Majority, a women's right to choose.
- So if you look at the poll numbers.
- Majority of Republicans.
- The poll numbers don't necessarily square with the actual outcome, the byproducts of their work.
- They don't, I mean, a majority of Texans support all these policies and they're not reflected by the legislature.
- So that's gerrymandering.
And we think that what happens with gerrymandering is that people really focus on the primary rather than on the general election because all they have to do is win a primary in a non-competitive district to win the seat.
- They do and that's another thing that warps it, even in a state like Texas, almost all the Republican elections are decided in the primary.
- Right.
- Right?
Because there's so few competitive elections in the general.
So that just keeps happening.
The state just keeps getting pushed further and further to the right.
And an extreme minority faction has basically hijacked the entire politics of the state.
- But of course, you know, in the political science classes, they tell us, well, all we have to do is take the process of drawing those districts out of the hands of politicians and give them to a computer program, right?
Someone once said to me, taking the politics out of redistricting is like taking the calories out of fried chicken.
(Ari laughs) Right?
You really can't do it and have it be the same.
- Well, I happen to like fried chicken a lot, but I will- - But you don't like gerrymandering.
- I will make an argument for eating it without the skin on it to save calories when it comes to drawing the districts.
And the fact is, states have done this.
You look at Michigan.
Michigan was a state that had very gerrymandered districts where Republicans got a minority of votes, but a majority of seats.
They passed a ballot initiative so that a citizens' commission would draw the districts.
And after a citizens' commission drew the districts, the party that got the most seats got the most votes.
And Democrats flipped control of the legislature.

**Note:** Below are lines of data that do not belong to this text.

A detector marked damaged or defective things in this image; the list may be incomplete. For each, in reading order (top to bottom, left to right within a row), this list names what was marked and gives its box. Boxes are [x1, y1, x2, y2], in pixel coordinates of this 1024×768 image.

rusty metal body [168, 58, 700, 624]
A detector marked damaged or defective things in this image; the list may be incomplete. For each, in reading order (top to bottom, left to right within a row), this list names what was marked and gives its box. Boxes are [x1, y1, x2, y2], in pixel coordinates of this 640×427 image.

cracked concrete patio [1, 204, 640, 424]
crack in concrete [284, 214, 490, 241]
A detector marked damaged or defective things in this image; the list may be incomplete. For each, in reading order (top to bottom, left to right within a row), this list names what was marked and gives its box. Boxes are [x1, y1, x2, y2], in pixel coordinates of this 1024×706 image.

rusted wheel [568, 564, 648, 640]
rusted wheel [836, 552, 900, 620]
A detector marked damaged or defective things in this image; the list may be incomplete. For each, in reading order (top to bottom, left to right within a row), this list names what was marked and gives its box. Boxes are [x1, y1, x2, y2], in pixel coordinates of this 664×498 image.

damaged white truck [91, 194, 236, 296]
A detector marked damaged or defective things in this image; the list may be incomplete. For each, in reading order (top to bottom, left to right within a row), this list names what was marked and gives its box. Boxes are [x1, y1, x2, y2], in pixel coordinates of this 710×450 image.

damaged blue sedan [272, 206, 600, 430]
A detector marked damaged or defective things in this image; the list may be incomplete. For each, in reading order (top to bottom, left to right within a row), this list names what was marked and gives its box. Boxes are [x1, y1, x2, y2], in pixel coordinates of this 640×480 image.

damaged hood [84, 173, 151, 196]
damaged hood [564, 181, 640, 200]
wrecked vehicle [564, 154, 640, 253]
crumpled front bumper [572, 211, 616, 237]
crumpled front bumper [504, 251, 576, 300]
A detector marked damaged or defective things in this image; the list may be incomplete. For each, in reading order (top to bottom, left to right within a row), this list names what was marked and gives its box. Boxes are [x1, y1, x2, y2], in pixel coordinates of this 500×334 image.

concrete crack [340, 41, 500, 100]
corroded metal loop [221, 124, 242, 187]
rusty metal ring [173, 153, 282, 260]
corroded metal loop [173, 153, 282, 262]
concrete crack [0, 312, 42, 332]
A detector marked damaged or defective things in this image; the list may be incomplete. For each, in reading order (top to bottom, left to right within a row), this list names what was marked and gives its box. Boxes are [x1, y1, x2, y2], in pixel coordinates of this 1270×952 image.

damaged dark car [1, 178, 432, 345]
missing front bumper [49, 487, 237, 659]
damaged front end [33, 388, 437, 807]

And I write about this in my book and I talked to the reformers, who were many cases, non-partisan and independent.
And I said, "Are you happy about this?
That Democrats took back the legislature?"
They said, "We're happy that the results followed the will of the people for the first time in over a decade."
So there is a way to do this.
There's a way to do this either through ballot initiatives or other measures or courts or the federal government stepping in and outlying partisan or racial gerrymandering.
I think it would have a dramatic difference in some of these states that are under one party rule right now, like Texas, where the politics of the state are dramatically out of step with the people and the demographics.
- But of course, you know that the whole process of getting a ballot initiative before the voters is itself dependent on which state you're in.
- Yeah.
- That's one of the ways in which they kind of stop that progress, people who wish to keep the voters from being represented.
- Well, half the states in the country have an option for ballot initiatives.
- Yeah.
- So for half the country, it's an option.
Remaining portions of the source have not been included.